For Deleuze, as for Foucault and Lyotard, the activity of political reflection must have as a primary goal the freeing of an individual (be that individual a person, a group, or a practice) for new practices, practices that change, undermine, or abandon the power relationships that keep old practices in place. Foucault addresses the same concern in his description of philosophical “curiosity”:
"...not the curiosity that seeks to assimilate what it is proper for one to know, but that which enables one to get free of oneself… There is always something ludicrous in philosophical discourse when it tries, from the outside, to dictate to others, to tell them where their truth is and how to find it, or when it works up a case against them in the language of naive positivity. But it is entitled to explore what might be changed, in its own thought, through the practice of a knowledge that is foreign to it." (Foucault, The History of Sexuality, Vol. 2: The Use of Pleasure)
pataphysician
in reply to pataphysician • •As such, experimentation is a sober and often tentative activity. One experiments by constructing practices that one is prepared to abandon if their effects are intolerable. The recognition of contingency that inhabits networks of practices brings in its wake another recognition: practices that seem liberating may, because of unexpected interactions with or developments of other practices, have consequences very different from those imagined by their initiators. There is no blueprint for practice. The ethical principles that help one to judge practice remain; but one can only experiment in their realization.

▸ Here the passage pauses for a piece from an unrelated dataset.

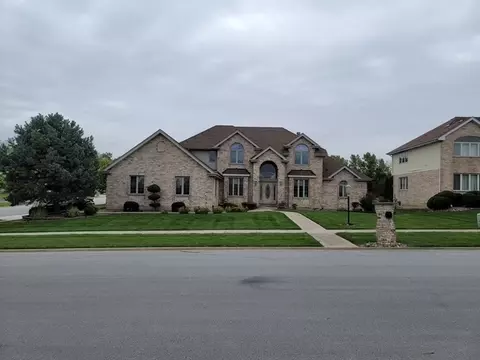 1237 W Parliament St, Crete, IL 60417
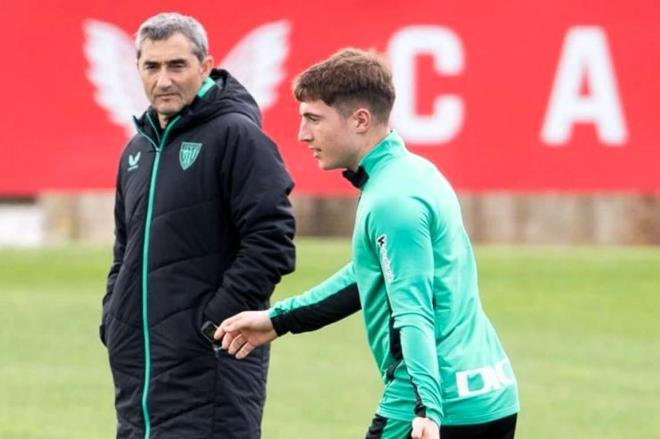 Ernesto Valverde observa entrenar a Mikel Jauregizar en Lezama (Foto: Athletic Club).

One such experimentation, discussed by Deleuze, is that of “becoming minor.” It is a concept best understood as engaging in a practice that, while within the social network of practices and thus not transgressing that network, occupies a place that disrupts dominant practices by showing creative possibilities within those practices which would escape the political oppressions associated with them. To engage in a becoming-minor is to construct a line of flight within the social network by constructing—or following—one of the stems of the social rhizome that in the same gesture entangles dominant stems and is a positive possibility for practice. Regarding language, Deleuze and Guattari claim that “it is certainly not by using a minor language as a dialect, by regionalizing it or ghettoizing, that one becomes revolutionary; rather, by using a number of minority elements, by connecting, conjugating them, one invents a specific, unforeseen, autonomous becoming.”